How to complete this task:
Repeat the records below verbatim, and do not copy their pictures.

Supplied records:
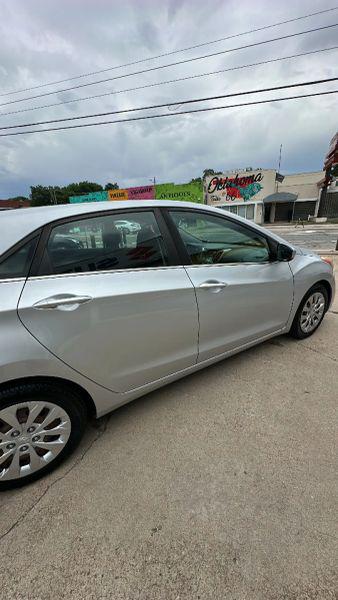 2017 Hyundai Elantra GT Base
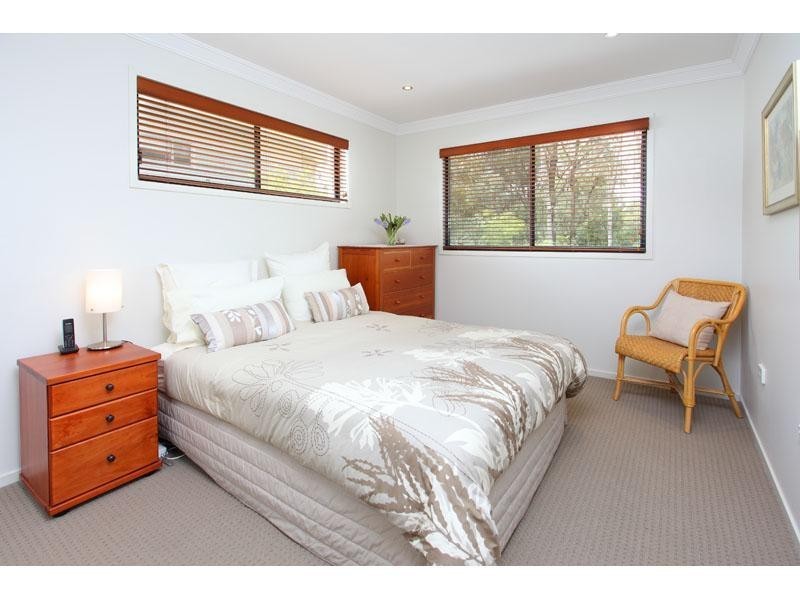 44 Lomandra Place, Chapel Hill QLD 4069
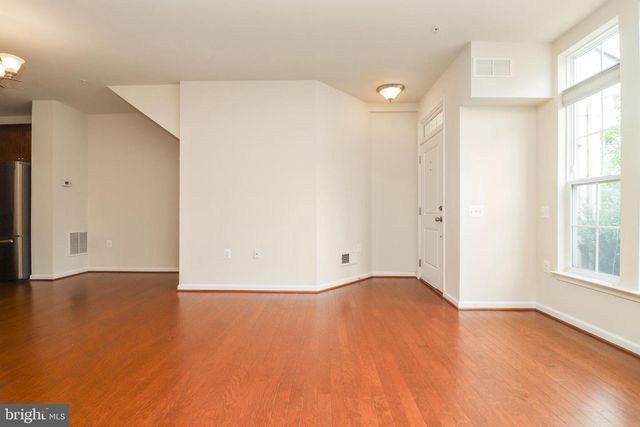 43520 STONECLIFF TER, Chantilly, VA 20152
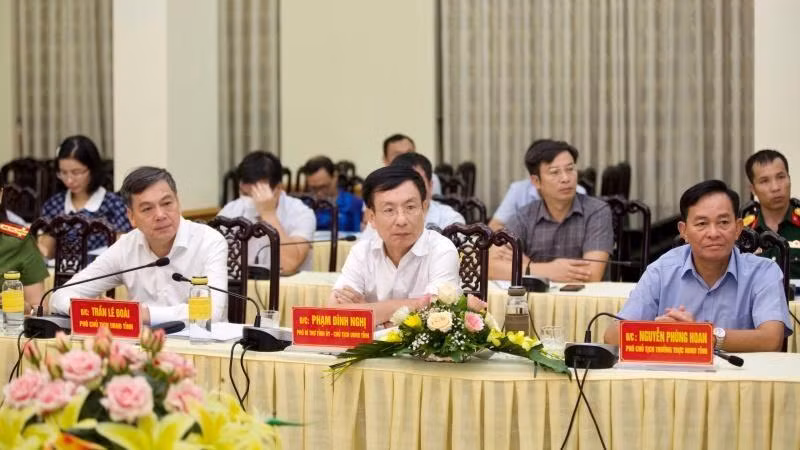 Các đại biểu tỉnh Nam Định dự Hội thảo.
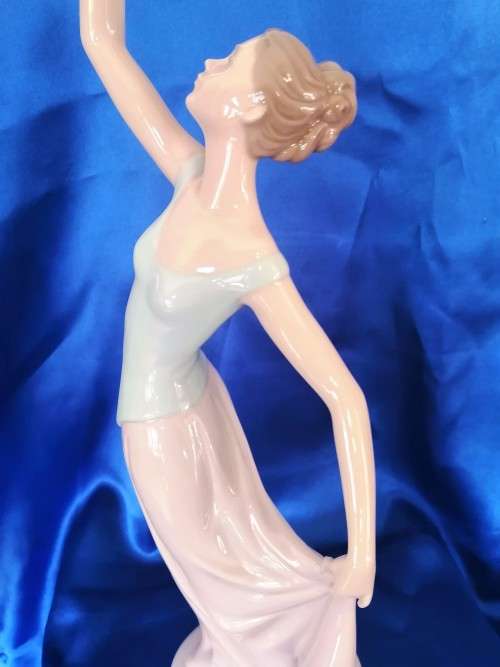 NAO BY LLADRO THE DANCE IS OVER LADY #1204  LARGE DANCER #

Exercise output:
 2017 Hyundai Elantra GT Base
 44 Lomandra Place, Chapel Hill QLD 4069
 43520 STONECLIFF TER, Chantilly, VA 20152
 Các đại biểu tỉnh Nam Định dự Hội thảo.
 NAO BY LLADRO THE DANCE IS OVER LADY #1204  LARGE DANCER #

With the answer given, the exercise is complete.